Even the Historic Vehicle Association recently recognized the Meyers Manx, so there is no need to dismiss VW variations out of hand.
Perhaps “homage” is a better word for these continuation cars. The body proportions of the Beck 550 Spyder were quite authentic while also managing to add a couple of inches of space for taller drivers. I’ve seen a few in person and they were strikingly well made.
Road testers were very positive about the handling and engineering of the car, which used a custom-built square tube frame rather than a VW pan, and high-quality fiberglass for the body instead of the original aluminum.
These were usually sold as unfinished kits, with the onus on the buyer to install the engines and transmissions. They were also available as turn-key cars. This eBay example is one of the the former, according to the seller. The engine installation was apparently completed years after Beck built the body.
The listing isn’t terribly specific about the mechanicals and power output of the car, other than it’s a VW dual-port. It is claimed to have only 1,900 miles since it was built around 1989.

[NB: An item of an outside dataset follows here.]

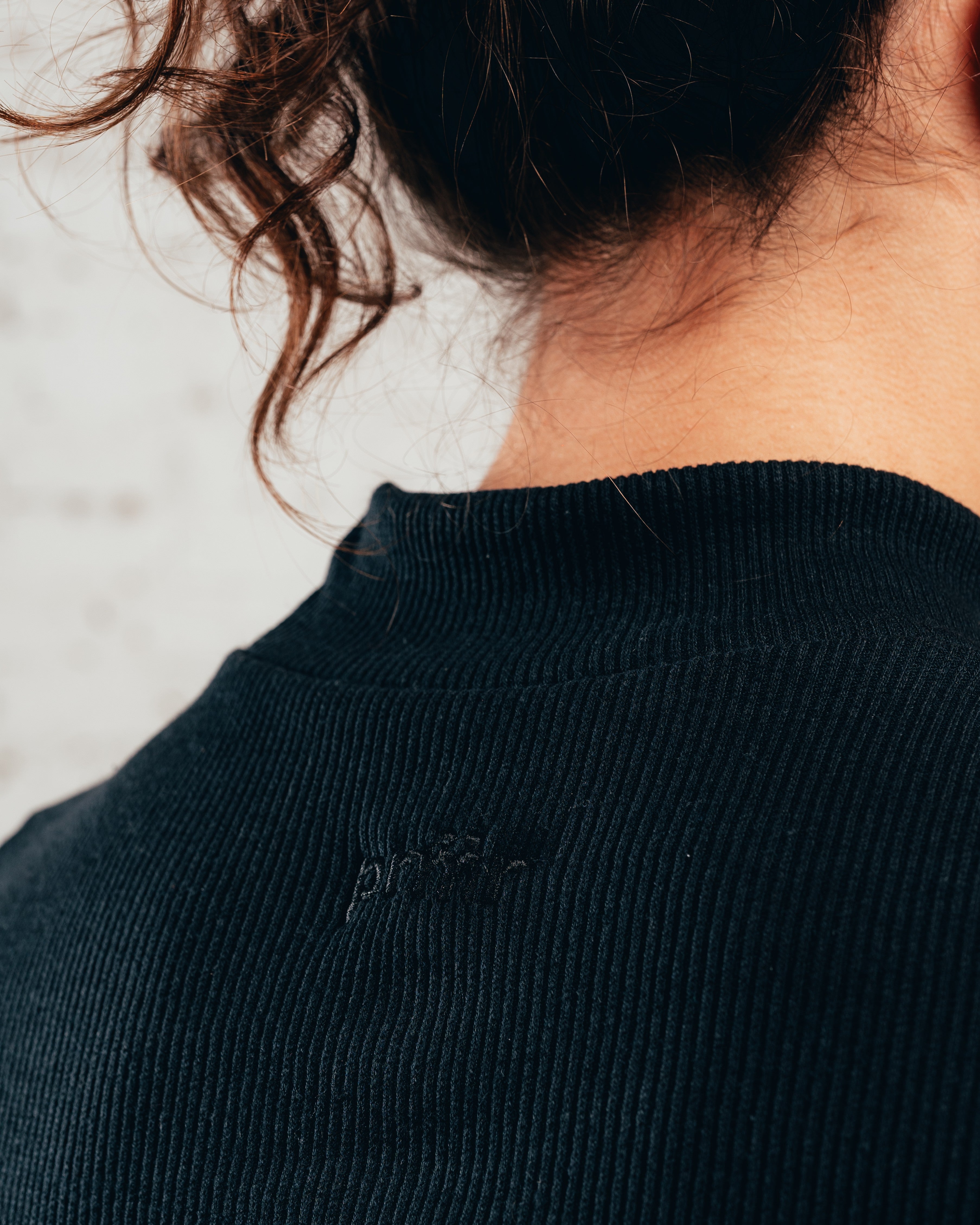 TOP POLERA [ PRIMARI ] BLACK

Beck offered engine packages, the base engine being a 125-horsepower VW unit that bested the 110-hp output of the original 550. But owners could install plenty of different engines wanted, even Subaru’s flat engines. Some of these could be frighteningly quick—definitely a question that should be posed to the seller.
Regardless of whether it’s referred to as a replica or a car that pays homage to the original, this Beck looks like it packs a lot of fun for a tiny fraction the cost for a real Porsche 550, which demands millions.